Teachers can try walking in students’ shoes for one or two days to find out whether school schedules meet students’ educational, mental, and social needs. You will learn and understand a student’s life and make necessary changes to improve their school experience. This experiment can also help teachers understand how schools and school life affects the family of a student. The discoveries will indeed be surprising. Teachers who went through this experience stated that it was an eye-opener and wished they could get back to every class of students they had ever taught and change a minimum of ten things!
Result: They felt a lot more respect and empathy for the kids. Some said that they were simply nervous about embarking on the project, while others rejoiced in the chance to walk in their students’ shoes.
A few teachers tried out the experiment and listed their own understanding of the life of a student. The teachers arrived at the same time as the students. This was luxuriously late compared to their early mornings. The teachers also stayed up late, completing their assigned reading or math homework for the next day. Luckily, these teachers noticed everything, from how uncomfortable the classroom chairs were to the short five minutes the students get in between classes. They also noted how boring some classes were and their inability to stay focused during the entire day.
Students sit all day, and sitting is exhausting.

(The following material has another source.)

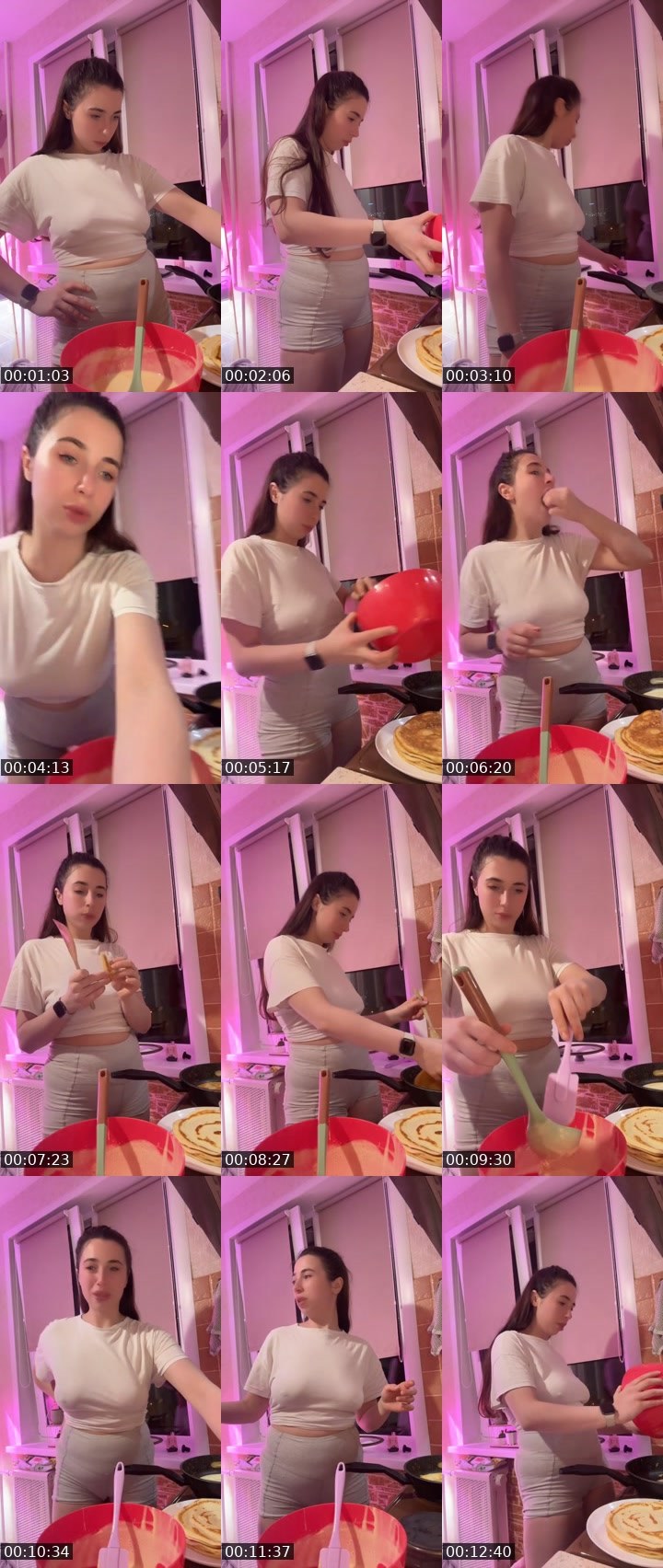 Contact-sheet preview of 👑SillyGoose 🪿's Liveme recording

They were drained and not in a good, productive mood. It was icky, lethargic, and tiring. Most of them were so drained that they couldn’t do anything that involved mental effort in the evening and went to bed by 8:30.
High school students spend 90 percent of their classes passively listening to the teachers.
• A mandatory stretch halfway through the class will energize students.
• Sacrificing some content to build in a hands-on, move-around activity into every class day would be more productive than making kids sit through hour-long, sit-down discussions of the texts where most of the content goes unabsorbed.
• Offer brief, mini-lessons with engaging, assessment-for-learning-type activities following directly on their heels.
• Ask every class to start with a doubt clearing session or just general questions born of confusion from the previous night’s reading or the previous class’s discussion.
• Some teachers also believed a longer lunch was needed to break up the day to feel so stressed and frazzled by continuous activity.
Many schools have programs that allow teachers to trade places with other teachers or let students role-play as administrators. But having teachers experience school from a student’s perspective should be more common, as it helps them understand the lives of their students better and assists administrators in making the right decisions.
Teachers must get a student’s perspective and figure out how to incorporate their new insights into their classes. They focused more on physical comfort—how hard the chairs were, how heavy the backpacks are, how short the time between classes. These factors influence learning and attention.
Teachers can adjust homework and instructional pacing to accommodate student comfort. This ‘backward design’ will ensure more engagement and alertness in the students.